Студенты искренне выражают сочувствие, но девчонка огрызается:
— Уйдите все!
— Да ты чего?! Мы же помочь хотели...
— Просто уходите. Ничего не надо... Мне ничего не надо! Уходите!
Компания встаёт и уходит, оглядываясь и недоумённо переговариваясь:
— Ненормальная какая-то...
— А на лекции казалась интересной...
— Просто попала на знакомую тему, вот и выпендрилась! Такая грымза не может всегда так хорошо отвечать.
— Уж, пожалуй.
— Какая-то она жуткая, правда?
— Да, злая ведьма просто!
На вручении дипломов тщетно вызывают одну и ту же фамилию, но никто не выходит. Наконец, вызывают следующего по списку, а среди выпускников идёт говорок:
— Кого это нет?
— Ты такую знаешь? С нами такая училась?
— Да, знаешь, угрюмая такая, патлатая... Всегда в конце аудитории одна сидит.
— А, это монстрила-то?! А чё не пришла, ей диплом не нужен?!

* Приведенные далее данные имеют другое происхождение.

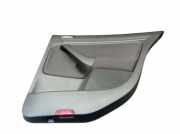 Türverkleidung Türpappe rechts hinten VW GOLF V (1K1) 1.9 TDI 77 KW 1K6867212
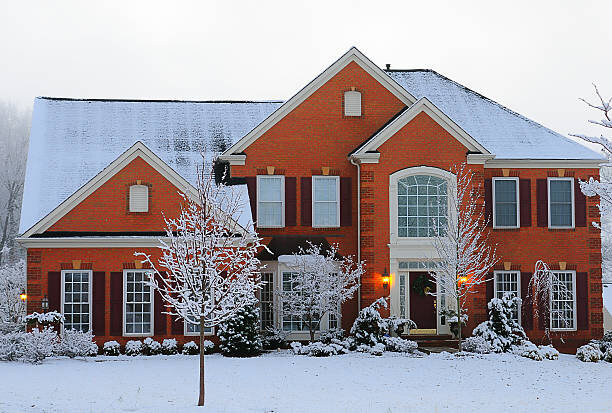 How to Find a Good Real Estate Agent in Minnesota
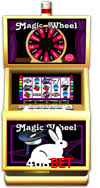468BET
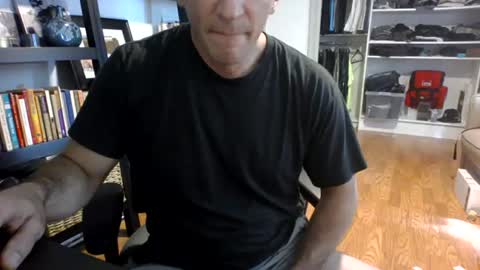 Snapshot of 69hotcouple420 chatting on 06/22/26, 01:30 HotCouple latina milf new fetish feet 69 nonnude workout solo gay online show from 06/22/26, 01:30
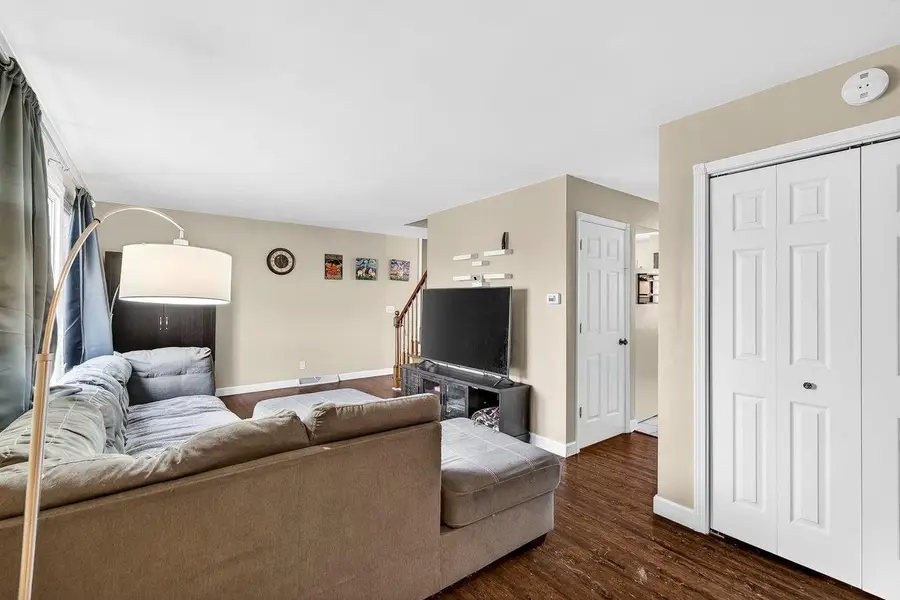 1529 Ivory Drive, Sun Prairie, WI 53590 - #3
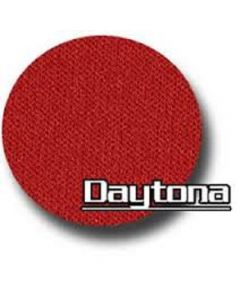 1956-1957 Corvette  Daytona Carpet Set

— Да ей вообще ничего не нужно! Таким надо на необитаемом острове жить!
***
Фасовщице склада сыпучих продуктов стало плохо: острая боль в животе. Бок давно ныл, покалывал и подбрасывал, но всегда проходил до терпимого состояния, а то и вовсе. А тут прихватило так, что в глазах темнело. Боль пронзала от шеи и лопатки до внутренней стороны бедра. Даже не ясно было, где же, всё-таки, сконцентрирована боль. Фасовщица прошла в кабинет мастеров, достала из аптечки у дверей спазмалитик и двинулась в столовую — запить таблетку. Мастер окликнула её, но та сделала вид, что не слышит. Посомневавшись, мастер пошла следом. В столовой она увидела сотрудницу у кулера с водой и окликнула её снова, но та проигнорировала зов. Тогда мастер подошла и положила руку на плечо фасовщицы, на что та резко развернулась и прошипела начальнице в лицо:
— Уйди от меня!
— Ты нормальная ли?! — отшатнулась мастер, — я знать должна, что с тобой! Может, тебе помощь нужна!

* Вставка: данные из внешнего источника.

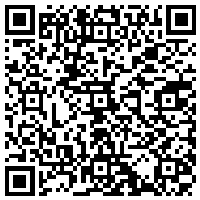 QR Code for bitcoin:bitcoin:bitcoin:bitcoin:bitcoin:bitcoin:bitcoin:bitcoin:litecoin:MQCy5P5dsQToWZ2RESosMn7SLw9q4TPegx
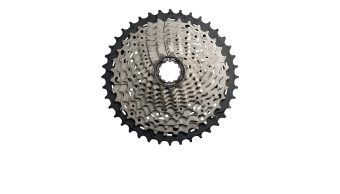 cassette slx cs m7000 11 vitesses 11 42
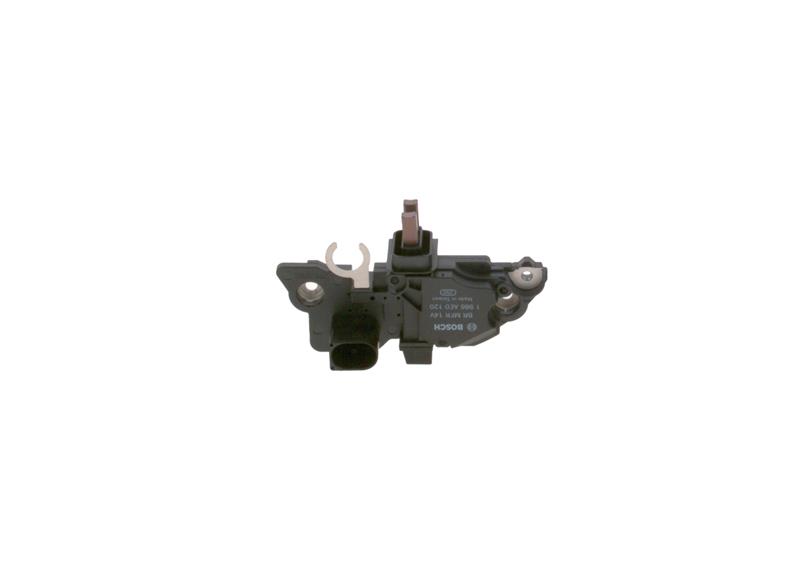 Regulator alternator - BOSCH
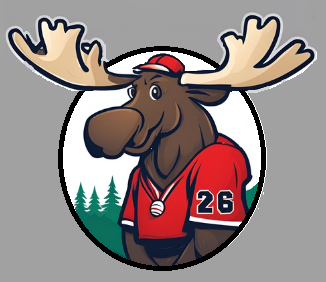 The Sports Moose
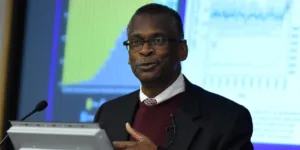 Facts About Lonnie Johnson: Super Soaker Inventor & Nasa Engineer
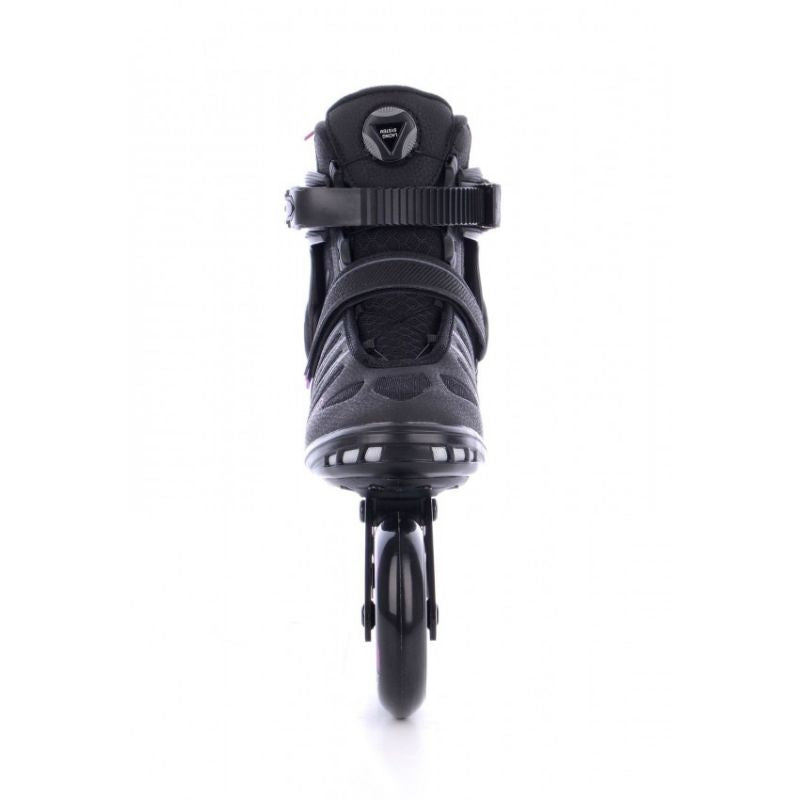 Tempish Wenox Top W 1000054 fehér roller skates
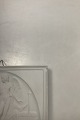 sub: 2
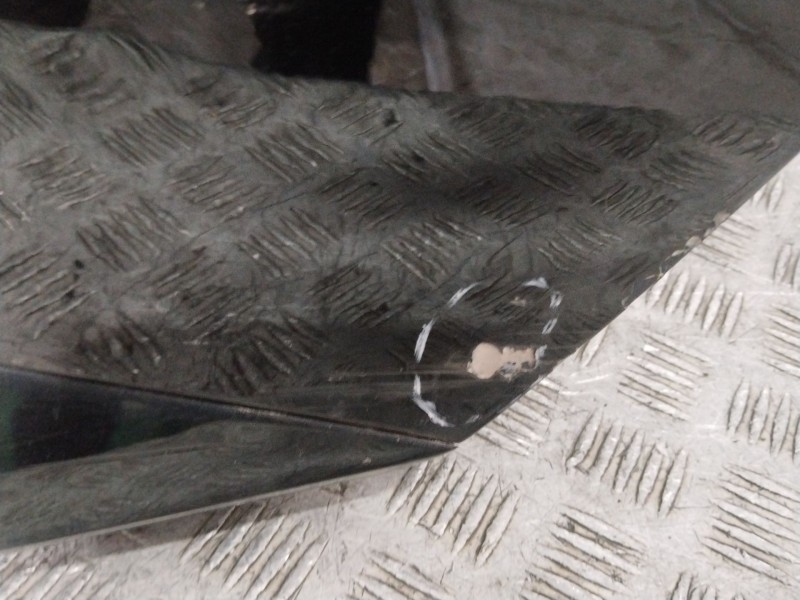 Recambio de puerta trasera izquierda para skoda superb iii (3v3) 2.0 tdi referencia OEM IAM 3V5833051A  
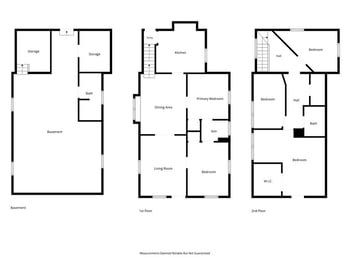1047 Quindaro Blvd, Kansas City, KS 66104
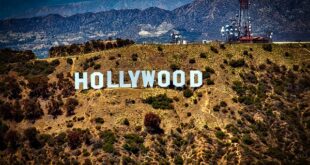 Hollywood Braces for Unprecedented Double Strike Impact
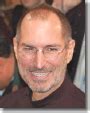 Image result for Apple CEO List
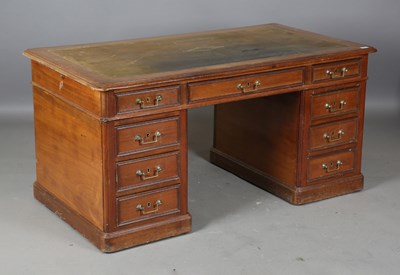 LOT 2179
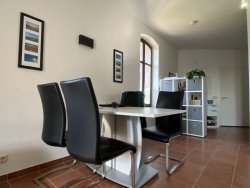 Esszimmer Esszimmer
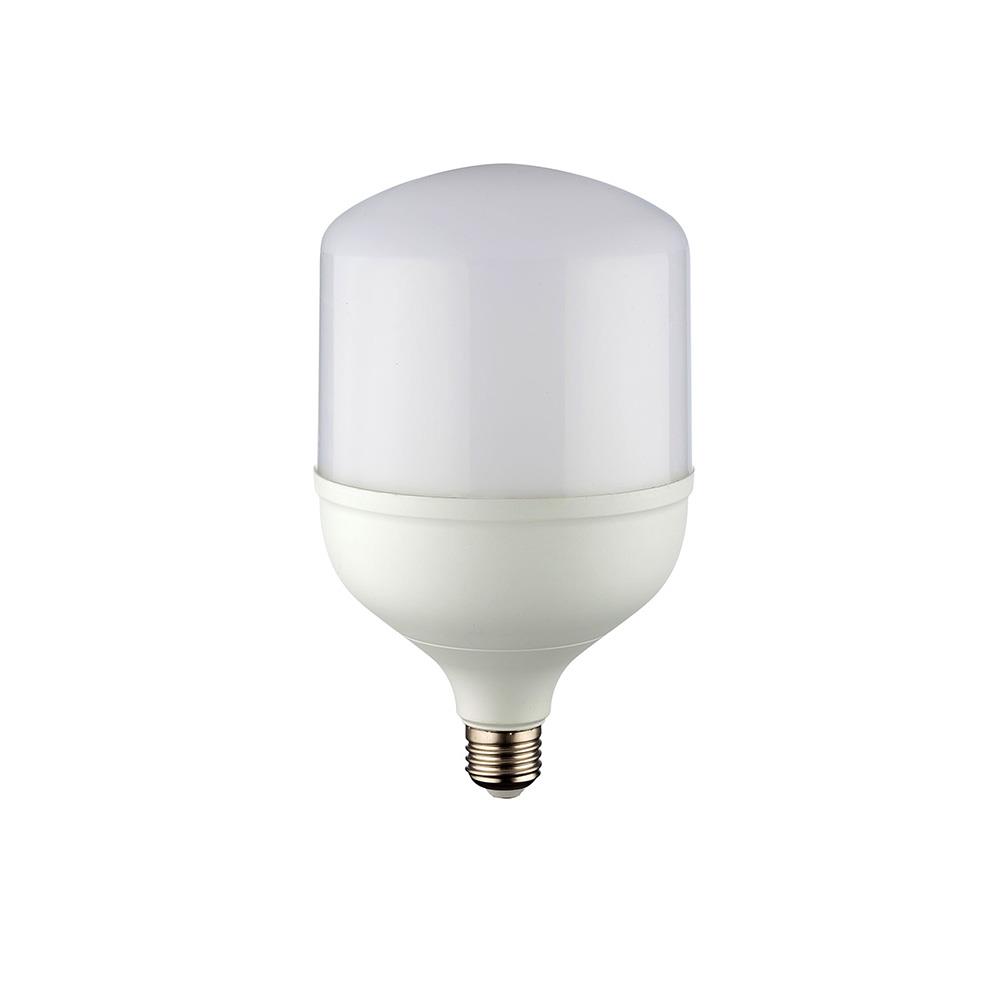 Noas Led Torch Ampul 50w 6500k Beyaz resmi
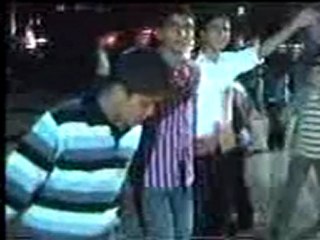 sünnet düğünü kasım demircanbeşir avcı kasım arıcı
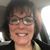 Laura Exum Fischer's profile image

— Ничего не нужно, уйди! — фасовщица быстро покинула столовую и исчезла в направлении "сыпучего" склада, оставив растерянных сотрудников. Кто-то ободряюще улыбнулся мастеру:
— Она всегда такая! Не принимайте близко к сердцу!
— Она такая и есть...
После смены фасовщица не вышла с работы. Мастер пошла проверять и обнаружила женщину лежащей на полу. Мастер сообщила на пост охраны, вызвала "скорую", попыталась приподнять пострадавшую, опросить, но та лишь шептала серыми губами:
— Уходите! Пожалуйста, уходите!
Её не спасли. Перитонит.
Знавшие её люди говорили: больно гордая была, самостоятельная. Не зря говорят, что сильная женщина всегда одинока —сама виновата: уж могла бы и попросить о помощи, не переломилась бы, так ведь нет... Гордыня — грех. Перед кем всю жизнь выделывалась?
Вот они такие — сильные и независимые. Ни друзей, ни мужей... У этой даже кошки не было. Сама виновата.